# anchor seal question



## GeorgeS (Jun 15, 2015)

So I have an opurtunity to grab some walnut that was cut down about a month ago on a piece of land close to me. The problem is the rounds are so big (cant believe he didnt sell it to a mill) that I cant take them whole. I plan to section them on site and then cut blanks later. How long do I have to seal them up? Im not sure how long it will be before I have more time after getting them home. I dont want to spend a bunch of time on it then find it cracked to hell. I dont have any anchorseal on hand so I need to make a trip to get it next week. Im thinking of grabbing the walnut on Wednesday and it will probably be next weekend before I get the sealer and get back to it.


----------



## davduckman2010 (Jun 15, 2015)

keep it out of the sun and try and seal it asap


----------



## GeorgeS (Jun 15, 2015)

Do you recommend sealing all for sides or just the end grain? Sorry it's my first time!


----------



## DavidDobbs (Jun 15, 2015)

I just seal the ends of walnut.

It is a great one to start on it is so forgiving.

Reactions: Agree 3


----------



## GeorgeS (Jun 16, 2015)

Thank you all very much! I'll let you know how it goes.


----------



## Kevin (Jun 16, 2015)

Walnut dries about as easy as any species you'll find.

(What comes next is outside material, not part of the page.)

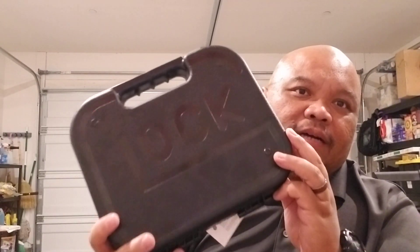So with that, this is my unboxing of a new handgun. You can obviously tell by the case, but yeah, I ended up getting a Glock 19. The reason behind getting the Glock 19 is that I had the Glock 23 for years.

But get the ends sealed asap.


----------



## Schroedc (Jun 16, 2015)

In a pinch you can use latex house paint if you don't get a chance to get some anchor seal. I then cut a thin slice of the end off and seal with anchor seal when I get a chance.

Reactions: Agree 2


----------



## GeorgeS (Jun 16, 2015)

Thank you gentleman!


----------



## norman vandyke (Jun 16, 2015)

I can attest to the latex paint. I had to use that this year and it works great. Works in a pinch but anchor seal is definitely better.


----------



## GeorgeS (Jun 16, 2015)

I have a friend who did me a huge favor and stopped into woodcraft for me on his way home. I will grab it tomorrow at work so there will be no delay. Woohoo! The paint idea is a good one to store away for later. Thanks!


----------



## DKMD (Jun 16, 2015)

Just make sure you cut away any checking that is already on the endgrain... Sealing over checks doesn't work out to well. Congrats on the walnut score!


----------



## GeorgeS (Jun 16, 2015)

Thanks Doc!

Reactions: Like 1


----------